→ PROBLEM REQUIREMENTS: Look through the data below and extract, unchanged, the lines from the one that contains "Maroon 5 performs" to the one that contains "Hagia Sophia v", both included.

Start of SOURCE MATERIAL

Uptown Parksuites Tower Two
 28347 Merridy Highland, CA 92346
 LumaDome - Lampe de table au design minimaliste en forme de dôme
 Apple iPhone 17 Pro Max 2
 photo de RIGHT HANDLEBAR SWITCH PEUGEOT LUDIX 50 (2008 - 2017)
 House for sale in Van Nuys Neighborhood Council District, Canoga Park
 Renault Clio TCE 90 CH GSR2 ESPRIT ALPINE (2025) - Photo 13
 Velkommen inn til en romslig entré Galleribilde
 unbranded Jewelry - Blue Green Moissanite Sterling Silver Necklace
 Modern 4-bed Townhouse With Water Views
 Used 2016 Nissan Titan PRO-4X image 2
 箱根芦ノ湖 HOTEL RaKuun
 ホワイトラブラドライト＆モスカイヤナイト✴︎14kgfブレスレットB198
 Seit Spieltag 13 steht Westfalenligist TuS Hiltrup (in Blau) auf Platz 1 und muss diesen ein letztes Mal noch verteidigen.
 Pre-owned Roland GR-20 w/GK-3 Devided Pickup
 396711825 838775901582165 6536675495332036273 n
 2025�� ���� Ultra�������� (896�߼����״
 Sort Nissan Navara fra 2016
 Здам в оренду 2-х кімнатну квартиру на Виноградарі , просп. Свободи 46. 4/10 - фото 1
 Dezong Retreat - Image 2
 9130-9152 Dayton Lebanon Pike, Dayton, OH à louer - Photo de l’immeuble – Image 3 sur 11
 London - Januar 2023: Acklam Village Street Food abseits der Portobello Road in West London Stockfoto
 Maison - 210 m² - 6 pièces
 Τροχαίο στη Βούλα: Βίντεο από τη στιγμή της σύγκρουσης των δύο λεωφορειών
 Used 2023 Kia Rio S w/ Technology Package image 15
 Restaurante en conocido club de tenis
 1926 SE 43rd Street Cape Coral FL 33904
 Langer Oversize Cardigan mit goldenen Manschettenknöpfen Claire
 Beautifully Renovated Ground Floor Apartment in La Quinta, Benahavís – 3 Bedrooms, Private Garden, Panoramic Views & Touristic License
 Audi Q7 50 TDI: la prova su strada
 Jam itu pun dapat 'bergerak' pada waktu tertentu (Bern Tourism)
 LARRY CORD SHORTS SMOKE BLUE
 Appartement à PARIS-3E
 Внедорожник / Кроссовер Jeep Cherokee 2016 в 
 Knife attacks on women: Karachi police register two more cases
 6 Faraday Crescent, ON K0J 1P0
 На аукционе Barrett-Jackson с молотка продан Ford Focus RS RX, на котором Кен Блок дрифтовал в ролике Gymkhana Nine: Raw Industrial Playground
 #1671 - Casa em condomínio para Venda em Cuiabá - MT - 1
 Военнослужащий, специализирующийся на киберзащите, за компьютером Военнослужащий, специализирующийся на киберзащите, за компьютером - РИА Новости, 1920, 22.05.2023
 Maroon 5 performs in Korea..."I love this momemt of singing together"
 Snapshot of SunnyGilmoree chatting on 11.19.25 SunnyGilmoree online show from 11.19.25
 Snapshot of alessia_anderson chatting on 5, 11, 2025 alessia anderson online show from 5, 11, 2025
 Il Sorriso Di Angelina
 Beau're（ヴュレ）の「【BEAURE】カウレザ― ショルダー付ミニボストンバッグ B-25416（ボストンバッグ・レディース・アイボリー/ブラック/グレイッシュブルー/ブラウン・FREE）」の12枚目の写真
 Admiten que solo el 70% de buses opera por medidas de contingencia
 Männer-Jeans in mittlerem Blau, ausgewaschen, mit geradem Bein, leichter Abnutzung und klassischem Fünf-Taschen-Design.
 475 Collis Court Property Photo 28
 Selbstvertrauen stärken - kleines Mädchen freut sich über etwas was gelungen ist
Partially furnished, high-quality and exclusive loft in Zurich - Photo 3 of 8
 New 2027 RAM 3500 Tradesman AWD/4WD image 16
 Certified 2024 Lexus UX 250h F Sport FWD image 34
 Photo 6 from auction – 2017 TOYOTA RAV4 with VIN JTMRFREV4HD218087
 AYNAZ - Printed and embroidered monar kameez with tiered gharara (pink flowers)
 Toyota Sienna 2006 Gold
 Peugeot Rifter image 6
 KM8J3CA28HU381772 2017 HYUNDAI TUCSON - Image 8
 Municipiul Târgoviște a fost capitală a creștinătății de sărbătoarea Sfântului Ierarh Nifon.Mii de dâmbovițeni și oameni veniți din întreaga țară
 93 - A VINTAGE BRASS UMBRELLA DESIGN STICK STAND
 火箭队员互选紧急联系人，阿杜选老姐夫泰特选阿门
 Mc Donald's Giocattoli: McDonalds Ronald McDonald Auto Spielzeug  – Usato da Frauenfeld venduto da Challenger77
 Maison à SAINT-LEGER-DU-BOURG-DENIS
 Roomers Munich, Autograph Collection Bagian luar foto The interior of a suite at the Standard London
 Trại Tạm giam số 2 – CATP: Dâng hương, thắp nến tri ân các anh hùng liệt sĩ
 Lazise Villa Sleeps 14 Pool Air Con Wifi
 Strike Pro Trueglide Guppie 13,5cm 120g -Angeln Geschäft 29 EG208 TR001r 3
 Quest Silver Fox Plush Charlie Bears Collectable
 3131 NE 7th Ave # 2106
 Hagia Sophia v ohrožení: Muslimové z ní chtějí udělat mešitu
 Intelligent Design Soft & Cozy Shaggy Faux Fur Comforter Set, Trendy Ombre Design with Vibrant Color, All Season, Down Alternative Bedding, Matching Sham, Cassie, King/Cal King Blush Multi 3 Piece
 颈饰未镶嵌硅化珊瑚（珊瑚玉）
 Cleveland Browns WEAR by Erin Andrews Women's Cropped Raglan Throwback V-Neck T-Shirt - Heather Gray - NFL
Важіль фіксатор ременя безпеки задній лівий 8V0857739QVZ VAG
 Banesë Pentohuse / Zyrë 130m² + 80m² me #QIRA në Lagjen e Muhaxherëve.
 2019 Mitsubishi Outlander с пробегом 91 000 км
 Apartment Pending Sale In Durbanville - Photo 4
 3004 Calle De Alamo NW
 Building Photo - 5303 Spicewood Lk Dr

End of SOURCE MATERIAL

→ RESPONSE TO THIS EXERCISE:
 Maroon 5 performs in Korea..."I love this momemt of singing together"
 Snapshot of SunnyGilmoree chatting on 11.19.25 SunnyGilmoree online show from 11.19.25
 Snapshot of alessia_anderson chatting on 5, 11, 2025 alessia anderson online show from 5, 11, 2025
 Il Sorriso Di Angelina
 Beau're（ヴュレ）の「【BEAURE】カウレザ― ショルダー付ミニボストンバッグ B-25416（ボストンバッグ・レディース・アイボリー/ブラック/グレイッシュブルー/ブラウン・FREE）」の12枚目の写真
 Admiten que solo el 70% de buses opera por medidas de contingencia
 Männer-Jeans in mittlerem Blau, ausgewaschen, mit geradem Bein, leichter Abnutzung und klassischem Fünf-Taschen-Design.
 475 Collis Court Property Photo 28
 Selbstvertrauen stärken - kleines Mädchen freut sich über etwas was gelungen ist
Partially furnished, high-quality and exclusive loft in Zurich - Photo 3 of 8
 New 2027 RAM 3500 Tradesman AWD/4WD image 16
 Certified 2024 Lexus UX 250h F Sport FWD image 34
 Photo 6 from auction – 2017 TOYOTA RAV4 with VIN JTMRFREV4HD218087
 AYNAZ - Printed and embroidered monar kameez with tiered gharara (pink flowers)
 Toyota Sienna 2006 Gold
 Peugeot Rifter image 6
 KM8J3CA28HU381772 2017 HYUNDAI TUCSON - Image 8
 Municipiul Târgoviște a fost capitală a creștinătății de sărbătoarea Sfântului Ierarh Nifon.Mii de dâmbovițeni și oameni veniți din întreaga țară
 93 - A VINTAGE BRASS UMBRELLA DESIGN STICK STAND
 火箭队员互选紧急联系人，阿杜选老姐夫泰特选阿门
 Mc Donald's Giocattoli: McDonalds Ronald McDonald Auto Spielzeug  – Usato da Frauenfeld venduto da Challenger77
 Maison à SAINT-LEGER-DU-BOURG-DENIS
 Roomers Munich, Autograph Collection Bagian luar foto The interior of a suite at the Standard London
 Trại Tạm giam số 2 – CATP: Dâng hương, thắp nến tri ân các anh hùng liệt sĩ
 Lazise Villa Sleeps 14 Pool Air Con Wifi
 Strike Pro Trueglide Guppie 13,5cm 120g -Angeln Geschäft 29 EG208 TR001r 3
 Quest Silver Fox Plush Charlie Bears Collectable
 3131 NE 7th Ave # 2106
 Hagia Sophia v ohrožení: Muslimové z ní chtějí udělat mešitu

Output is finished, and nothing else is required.